On 02/07/2011 05:37 PM, Mahmoud Khonji wrote:
On 01/21/2011 01:06 AM, Warren Togami Jr. wrote:
On 1/20/2011 7:23 AM, R - elists wrote:
initially this came across as a really suspect idea...
i.e., one man's junk is another man's treasure
Ham is a lot easier to define than Spam. Ham is simply anything that
you subscribed for.
I am currently subscribed to number of mailing lists to collect ham
emails (in addition to other sources). While it might be true that
mailing lists can be good sources of ham, their emails do not contain
realistic diversity of features/characteristics.
I explicitly excluded discussion mailing lists from the ham trap.
In my view, the issue is not just insuring an email is ham, but also
insuring that it contains realistic set of features.
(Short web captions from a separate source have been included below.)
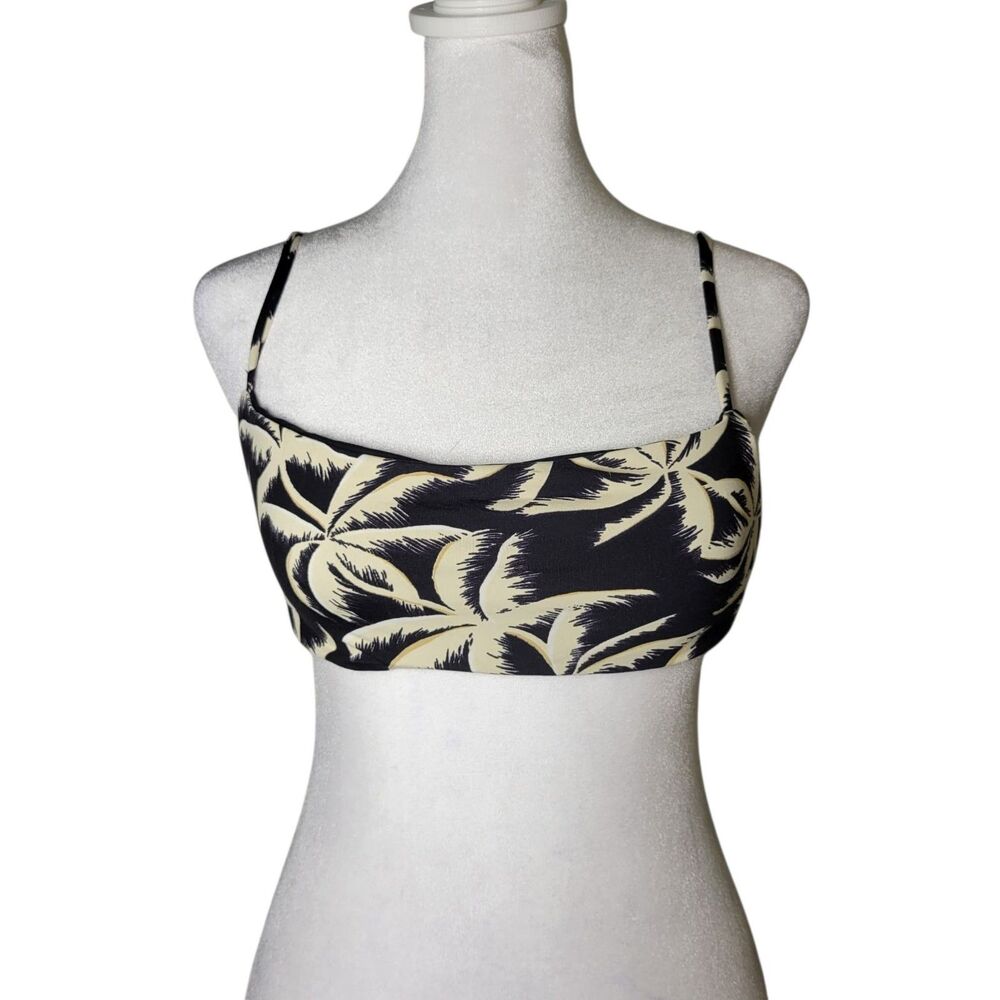 NWT Billabong Palm Side Bralette Bikini Top M/10 Black Cream Tropical Palm Tree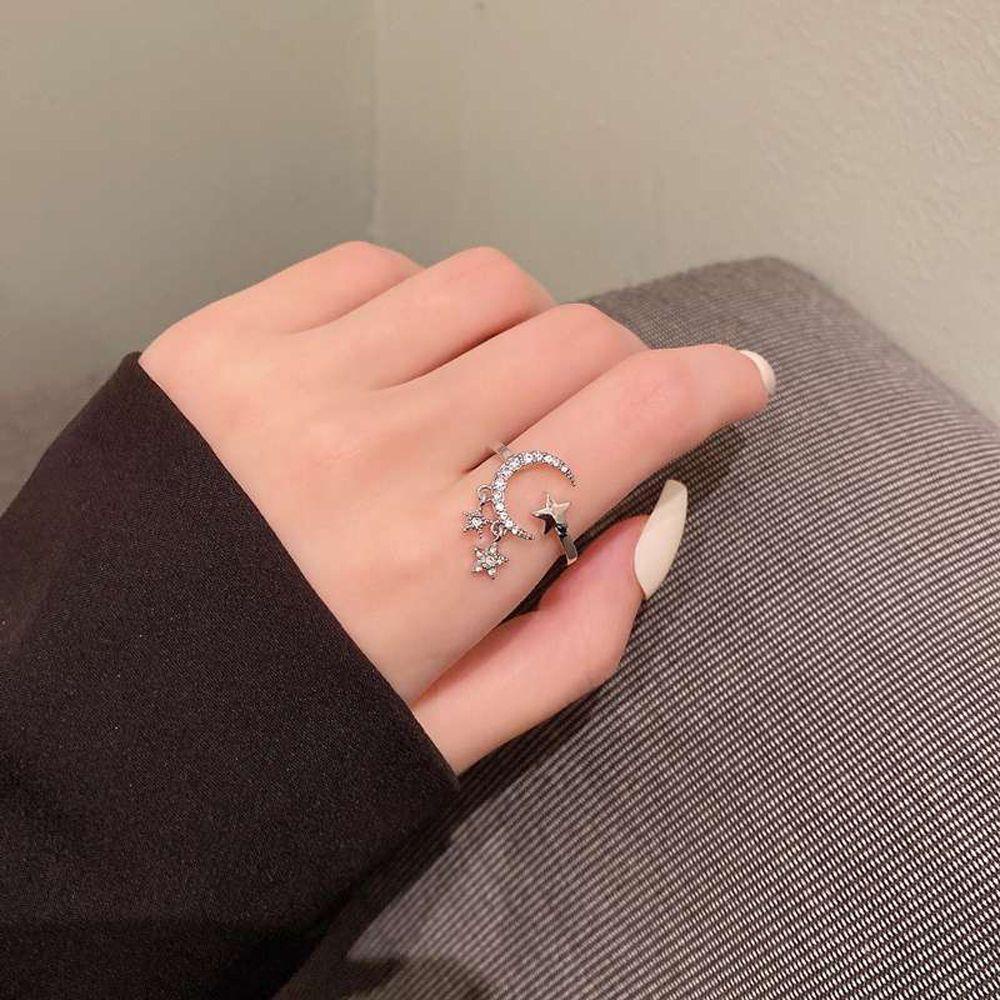 Mxbeauty Wanita Cincin Tidak Teratur Menawan Terbuka Rings Bulan Geometris Gadis Hadiah Fashion Perhiasan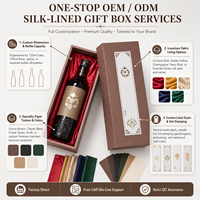 Boîte cadeau haut de gamme en papier texturé pour saké, avec insert en soie, couvercle et base pour vin, et étiquette en feuille d'or – Boîte de présentation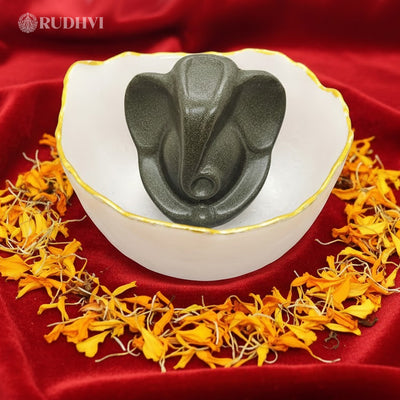 Pyrite Ganesh with Selenite Money Bowl – Wealth, Prosperity & Energy Cleanser | Rudhvi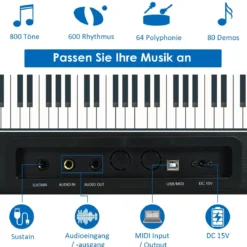Digitalpiano Klavier Elektrisches Keyboard Klaviertastatur mit Netzteil 135x32,5x10,5CM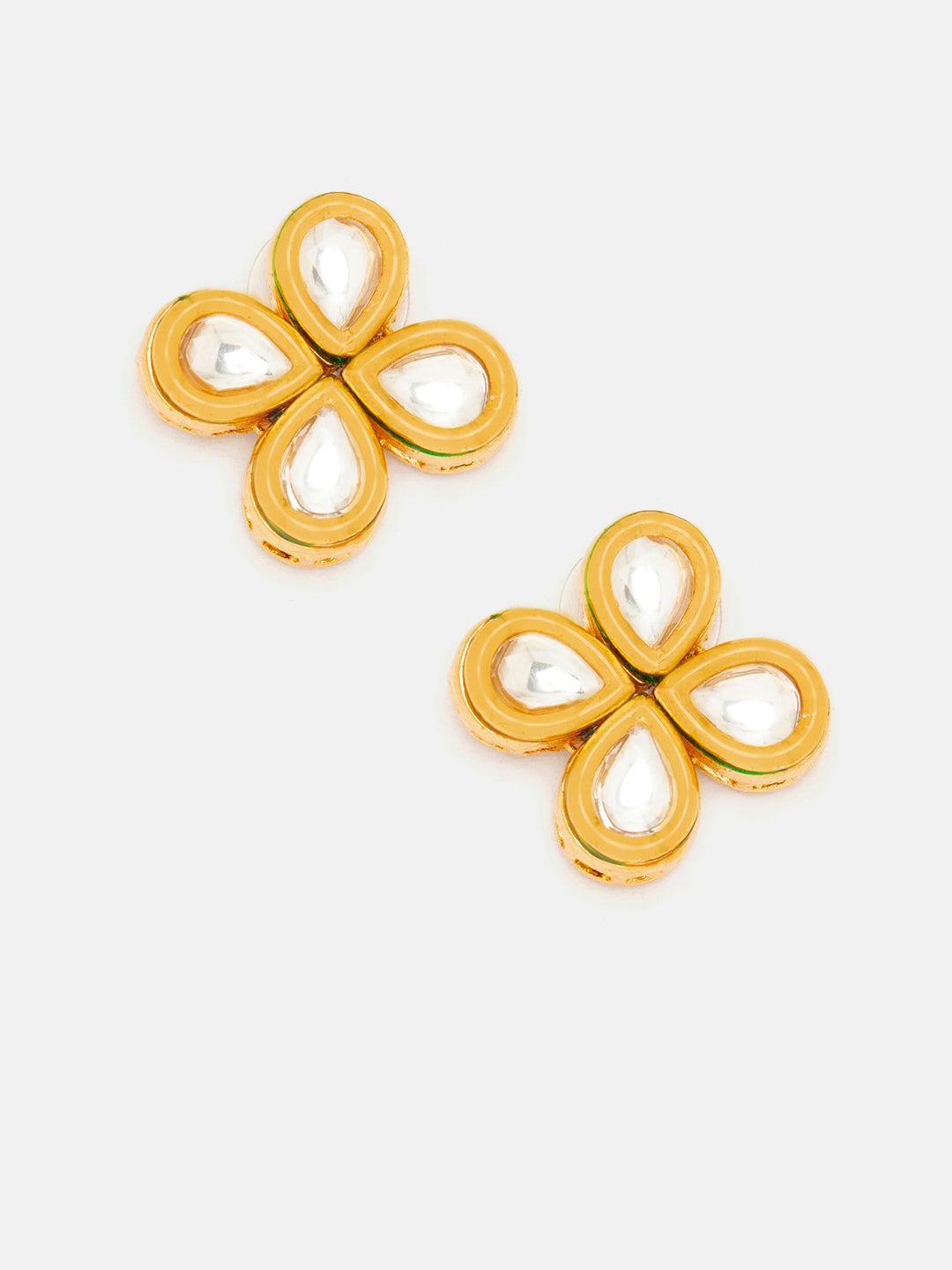 Priyaasi Kundan Flower Pattern Mini Charm Drop Earrings in Gold Plated Finish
If the features are
not realistic, and if we optimize tests scores based on that, then we
might end up worsening test scores for realistic end-users.
Not if it is subscribed to hundreds of opt-in subscriptions for
legitimate mail that ordinary users receive, most of which is otherwise
not represented in the corpora. Many of these subscriptions send mail
only once a week or month.
It is true that the hamtrap corpus is synthetic and thus not fully
representative in frequencies of real ham. But its volume is only a
tiny fraction of a percent of our total ham. It helps us to detect and
fix problems in individual rules by injecting some variety without
causing a measurable impact on the entire corpus.
For example, most list emails are non-HTML. While most end-user ham and
spam emails are HTML. Evaluating sets of features (or tests) based on
this unrealistic corpus is likely to fools us into thinking that a
feature/test is more effective that what it is in reality (i.e. we might
end up giving MIME-based tests higher scores).
The spec and implementation of this ham trap already took this and many
other issues into consideration. We've already had a few experts here
conclude the plan is sound.
I'm somewhat annoyed by the armchair quarterback negative comments on
this topic. (Not just you) didn't read the rest of this thread to
realize this particular concern is moot. None of the people complaining
about how this is such a bad idea are being helpful by actually
participate in the nightly masscheck.
Talk is cheap. I'm actually doing something.
Warren